For the last thirty five years or so, Silicon Valley has been the class act in a certain style of innovation – involving startups, rich VCs and nerds. No other region comes close to them when playing their game. But, perhaps, there are other styles of innovation out there, and cities and regions need to be innovative in their very approach to innovation in other to succeed. They need to define their own game in a way that fits them best.
I think the time is ripe for the emergence of new styles of innovation. Heretofore, there has been a split between hard or technology-based innovation, and non-technology-based innovation, such as in the arts, media and business, which are generally based on soft qualities like creativity. No longer. In an economy increasingly characterized by information and knowledge, as well as by incredible advances in digital technologies and communications, all innovation - all - has to include technology and creativity; hard capabilities based on science and engineering, as well as so-called soft capabilities based on design and insight.
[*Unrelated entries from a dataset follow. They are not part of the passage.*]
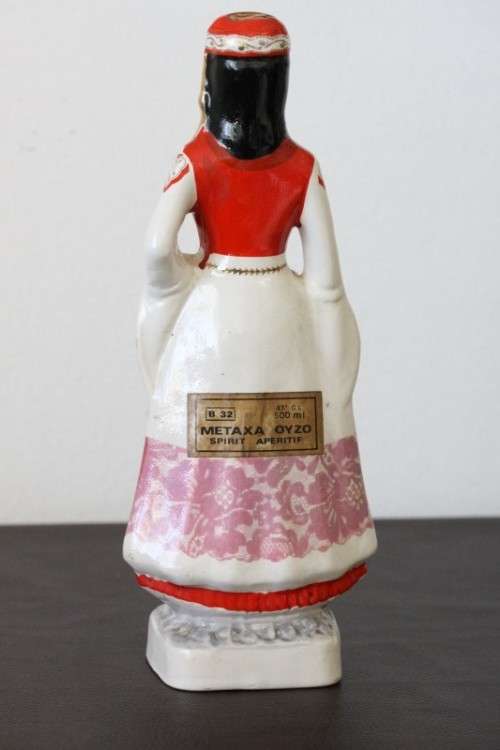 A beautiful vintage Greek "Metaxa Oyzo" hand-painted decanter of a traditional Greek Woman RS17Sale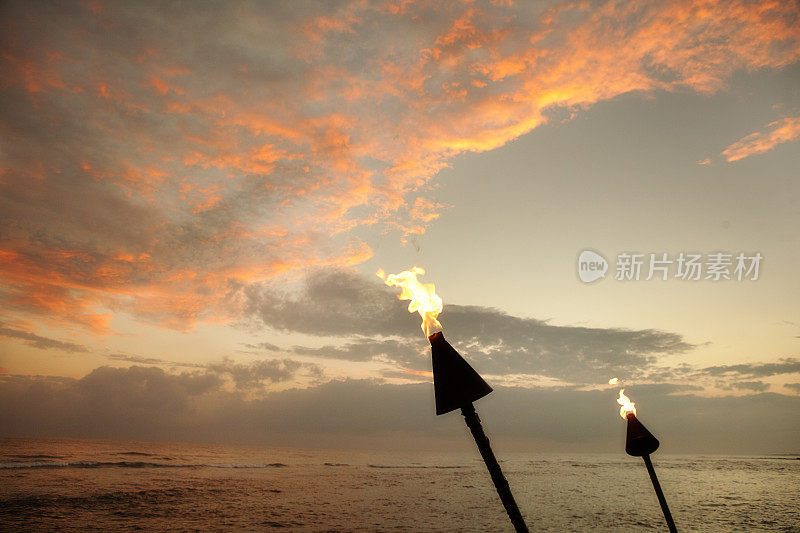 夏威夷海滩上的日落与提基灯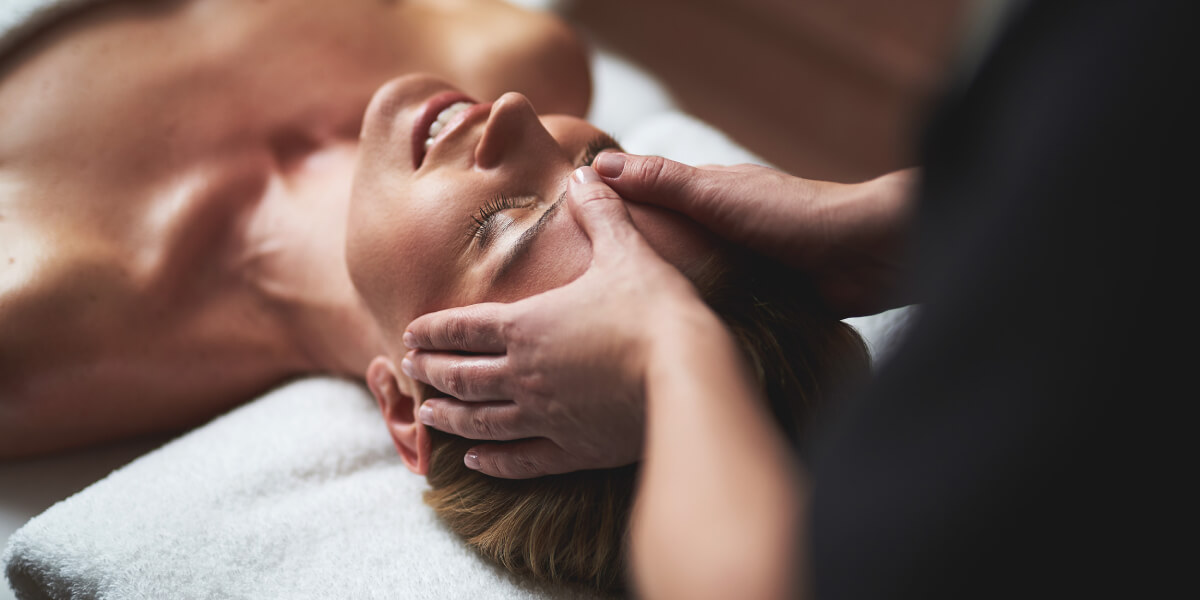 Woman receiving a relaxing head massage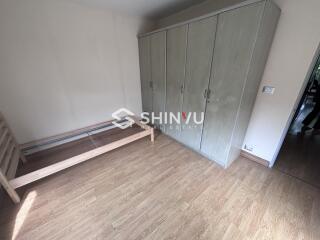 Empty bedroom with wooden flooring and large wardrobe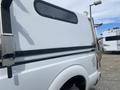A 2014 Ford F-350 SD truck with a white exterior and a fitted truck bed cap is shown from the side at an angle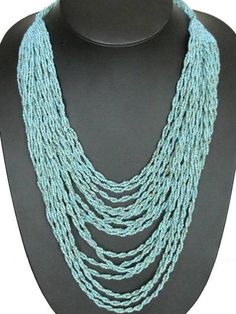 a necklace on a mannequin with blue beads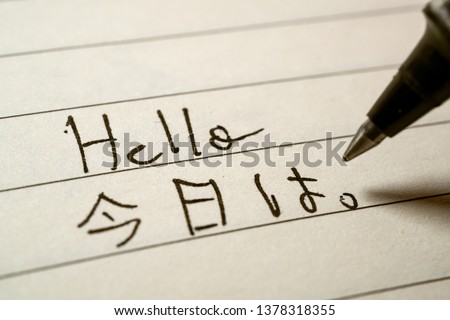 Beginner Japanese language learner writing Hello word in Japanese kanji characters on a notebook close-up shot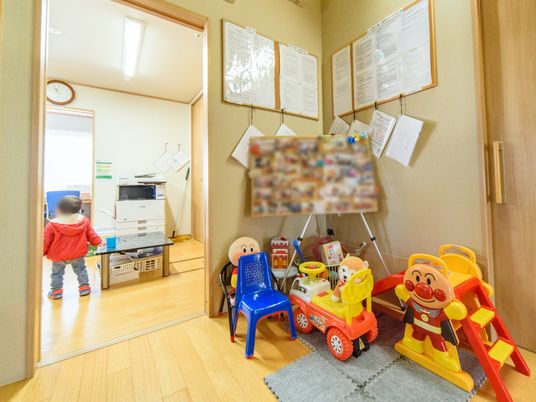 廊下の一角に滑り台に足漕ぎ車、小さな椅子に人形など小さな子供たちが遊べる遊具を設置している。入居者様の写真も沢山飾っている。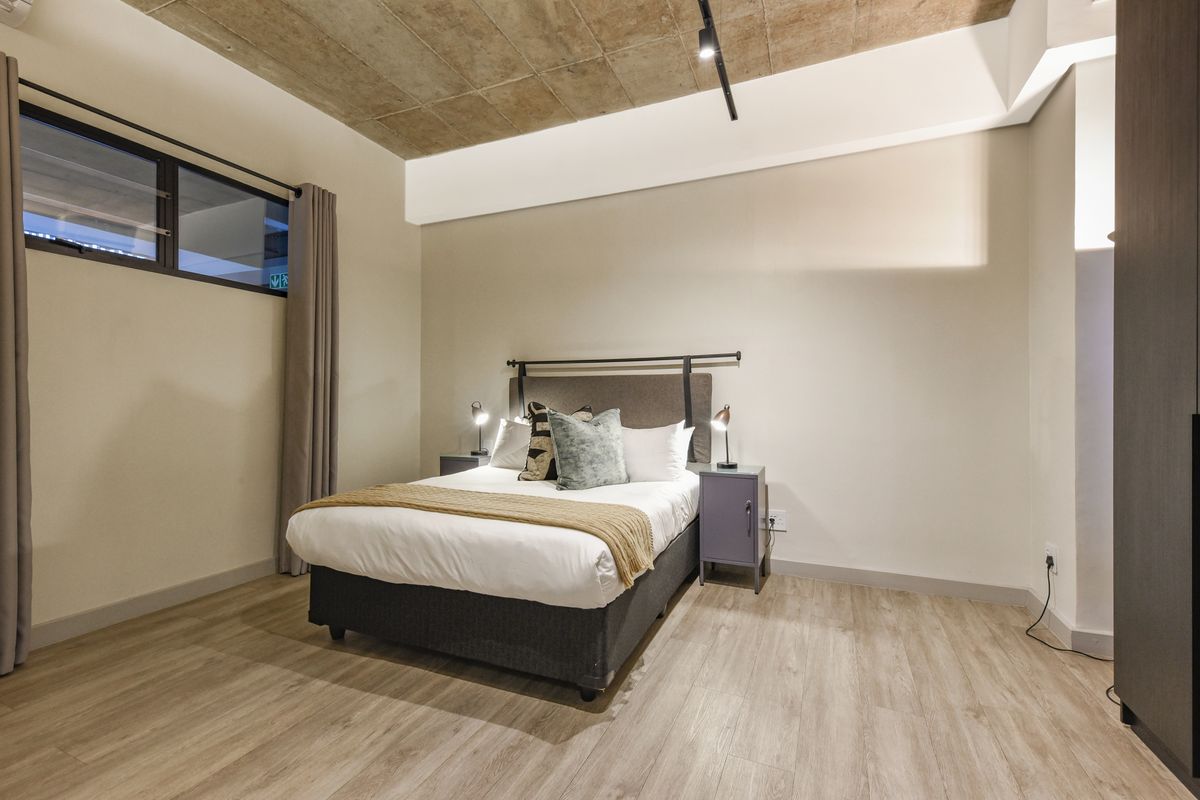 Modern bedroom featuring an exposed concrete ceiling, laminate flooring, and a built-in wardrobe, offering a contemporary industrial aesthetic.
The classic startup areas - in Silicon Valley, Boston and elsewhere – are changing by going up the technology stack, starting new businesses in new areas like energy, healthcare and other major industries. But perhaps the biggest opportunity for innovation in the knowledge economy will come from infusing design, insight, business and organizations in general with increasing amounts of technology, science, engineering - and creativity. That really feels like a new, radical approach to innovation, and the space that Design London is aiming to define and lead. I sure hope that they succeed, and that in the not too distant future, we will see the emergence of Design-New York, Design- Shanghai and others around the world.